(Beginning of EXTRACTED INFORMATION)

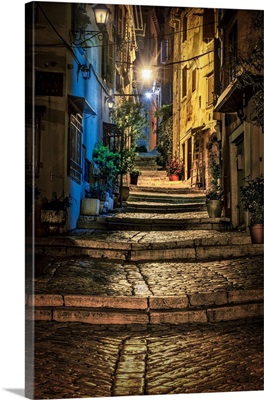 City Streets Of Grisia, Rovinj, Croatia
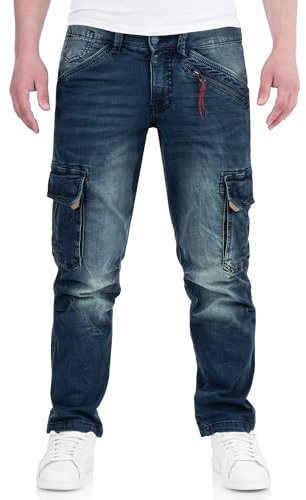 Timezone Regular BenTZ Herren Cargojeans Cargohose stylisch, Verschiedene Waschungen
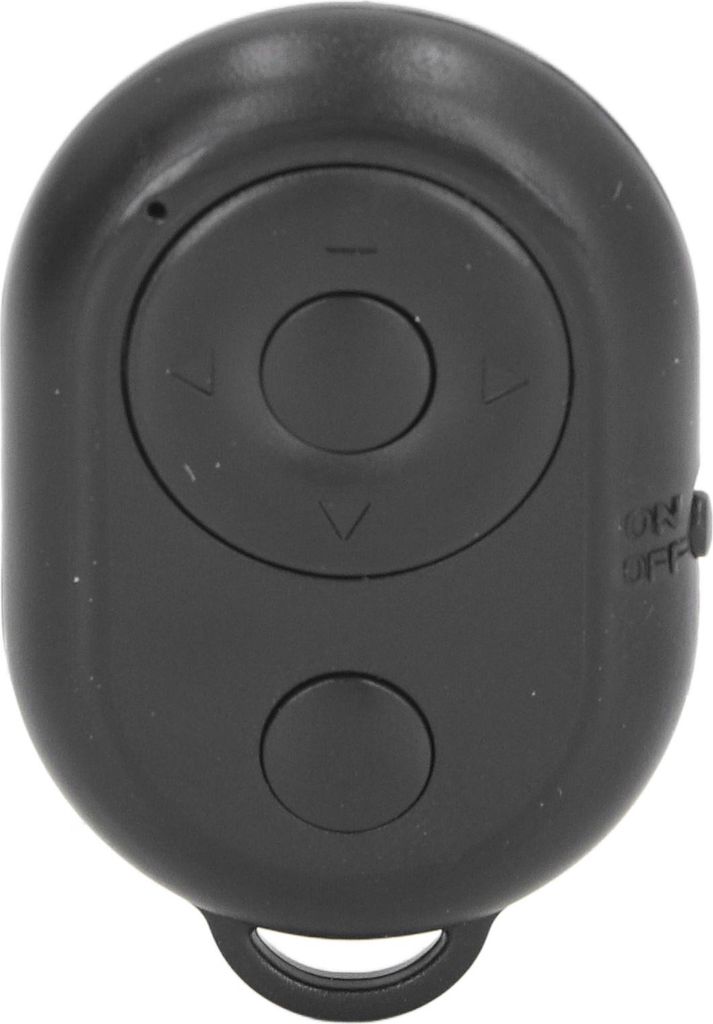 Telefon-Fernbedienung BT 4.0, 10 m, USB-Typ-C-Lade-Selfie-Clicker zum Umblättern von Bildern, Schwarz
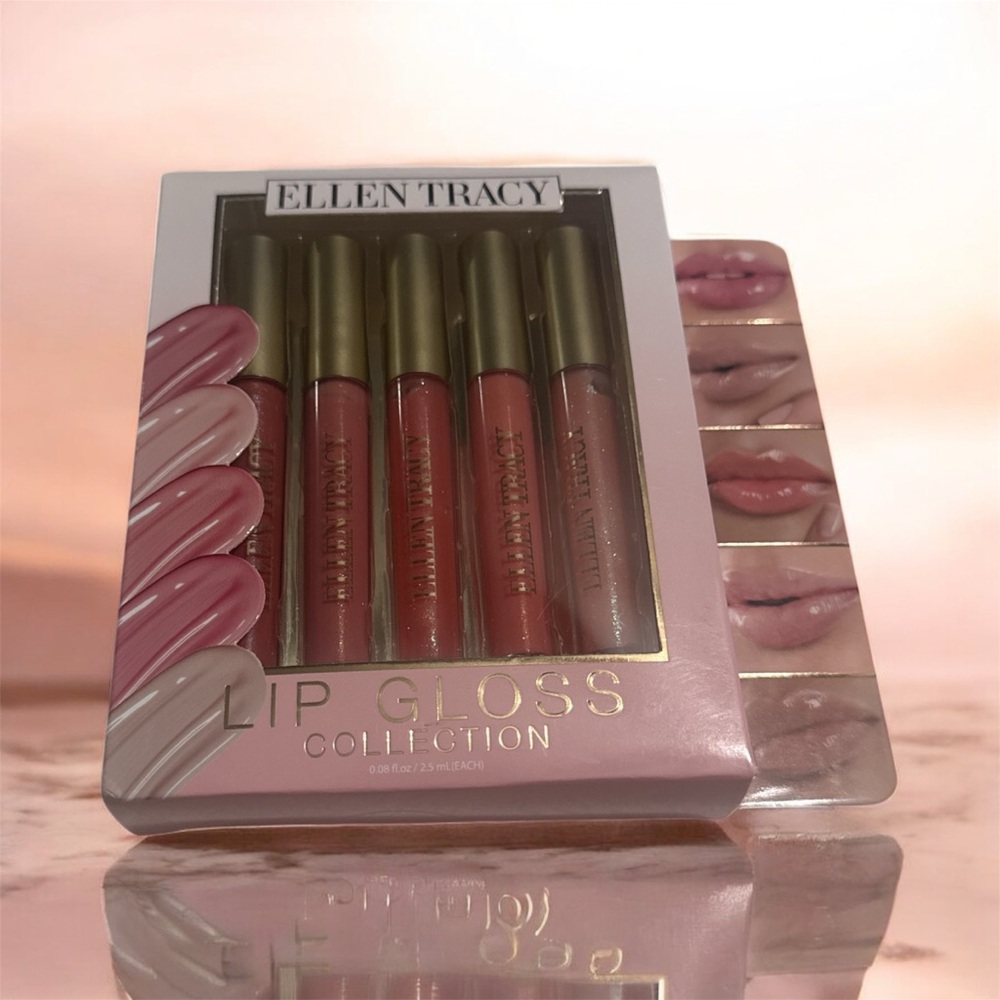 Ellen Tracy Lip Gloss Set - Pink and Nude Collection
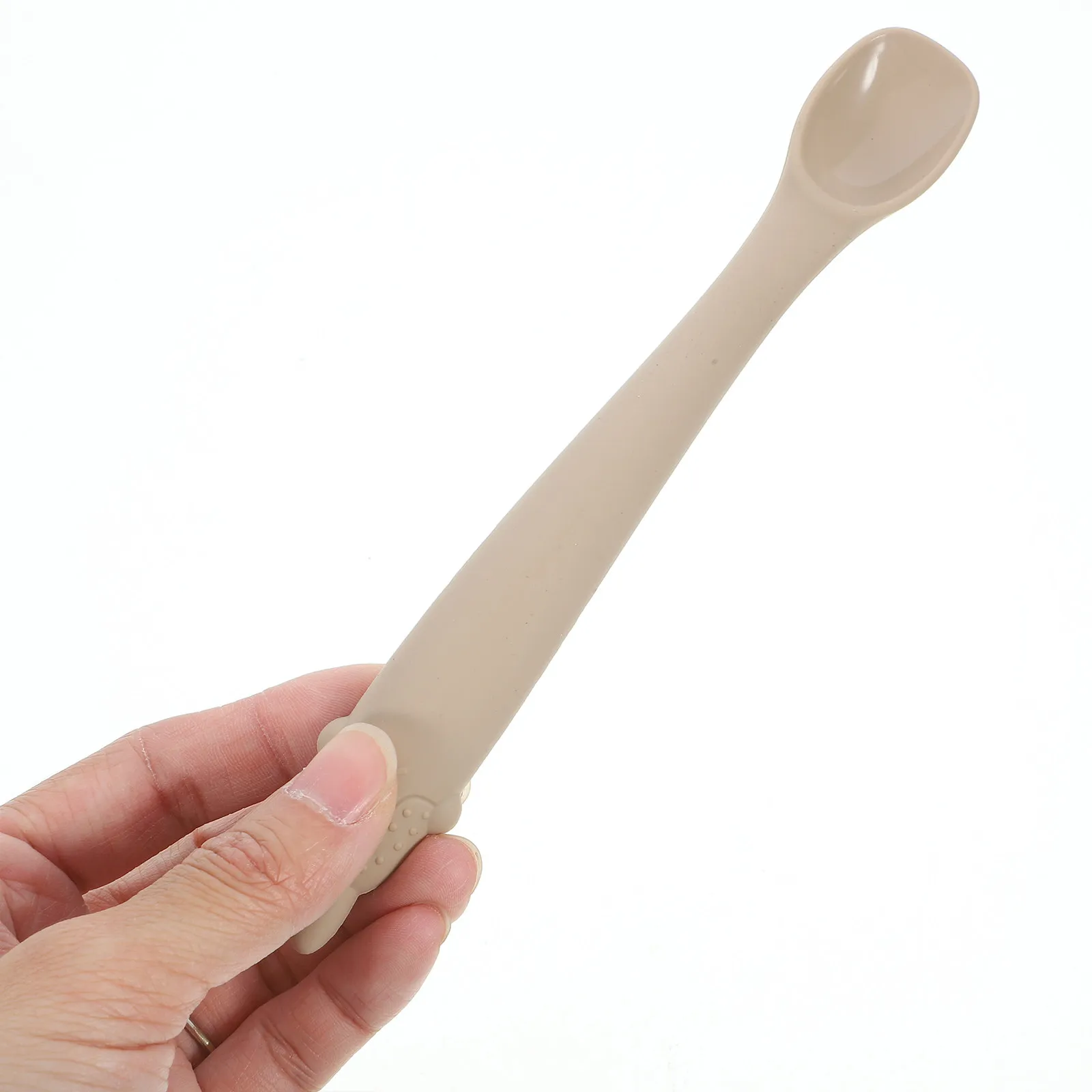 

Silicone Baby Feeding Spoon Flexible Safe Feeding Spoon Bright Color Soft Toddler Training Utensil 6 Months Up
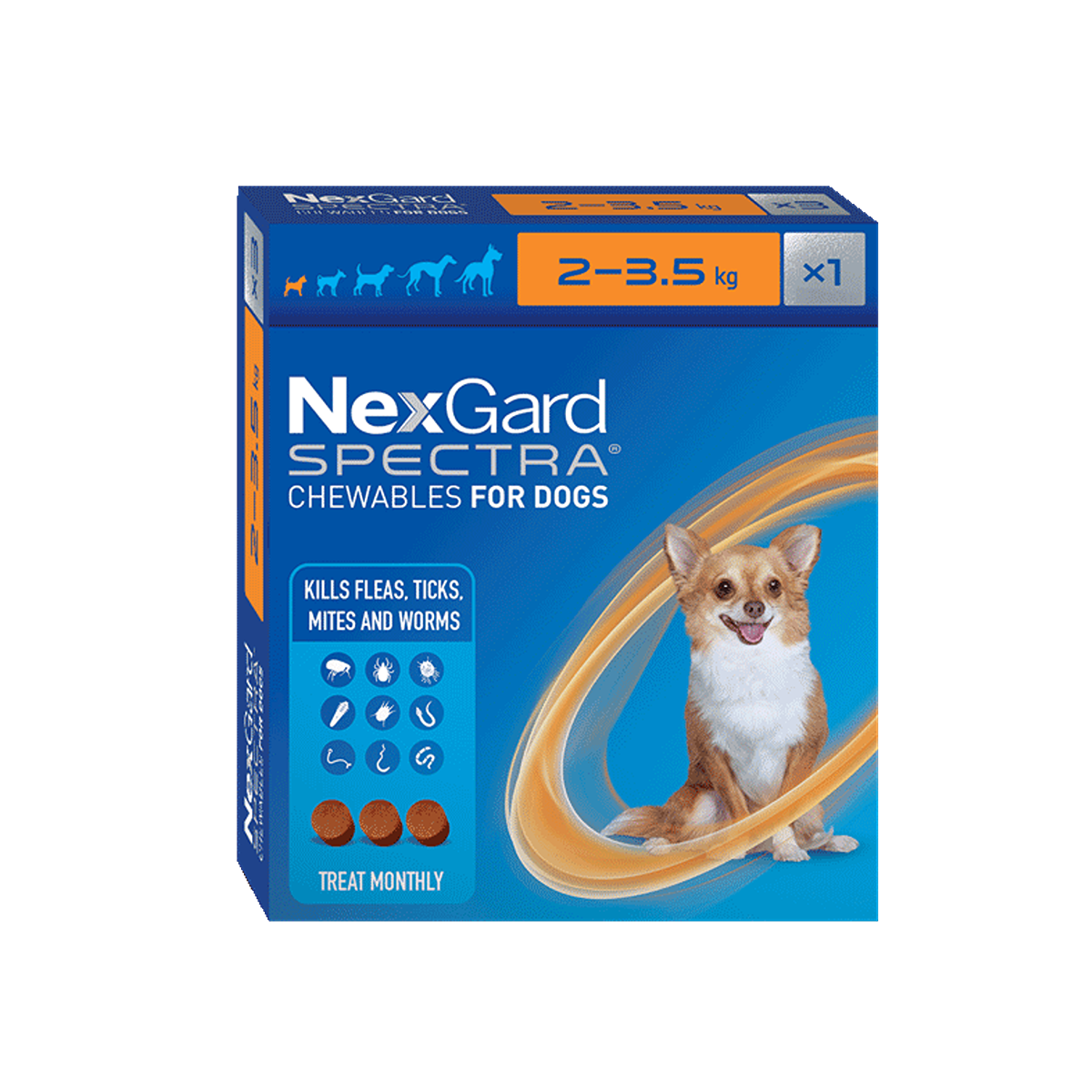 NexGard Spectra Chewables Extra Small Dogs 2-3.5kg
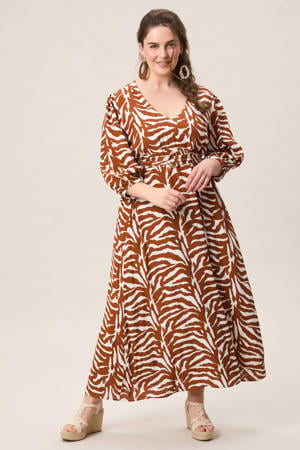 zomerjurk met zebraprint camel
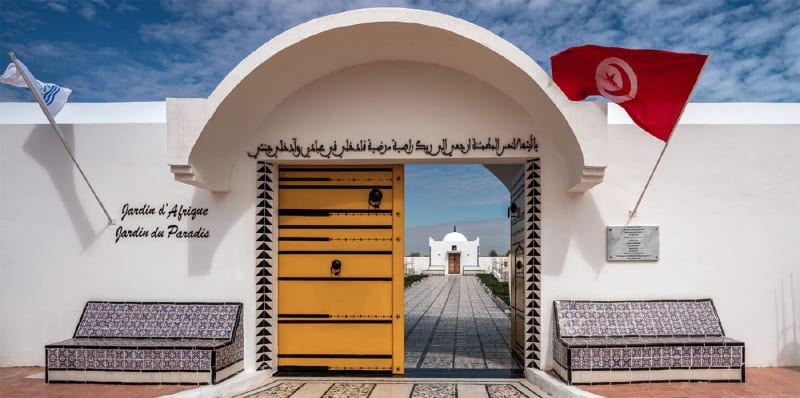 The Jardin d'Afrique/Garden of Africa in Zarzis, Tunisia, organized by artist Rachid Koraïchi (all images courtesy Rose Issa)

(End of EXTRACTED INFORMATION)

■ DIRECTIONS FOR THIS TASK: The data above needs to be retyped exactly, with the images left out.

■ YOUR SOLUTION:
 City Streets Of Grisia, Rovinj, Croatia
 Timezone Regular BenTZ Herren Cargojeans Cargohose stylisch, Verschiedene Waschungen
 Telefon-Fernbedienung BT 4.0, 10 m, USB-Typ-C-Lade-Selfie-Clicker zum Umblättern von Bildern, Schwarz
 Ellen Tracy Lip Gloss Set - Pink and Nude Collection

Silicone Baby Feeding Spoon Flexible Safe Feeding Spoon Bright Color Soft Toddler Training Utensil 6 Months Up
 NexGard Spectra Chewables Extra Small Dogs 2-3.5kg
 zomerjurk met zebraprint camel
 The Jardin d'Afrique/Garden of Africa in Zarzis, Tunisia, organized by artist Rachid Koraïchi (all images courtesy Rose Issa)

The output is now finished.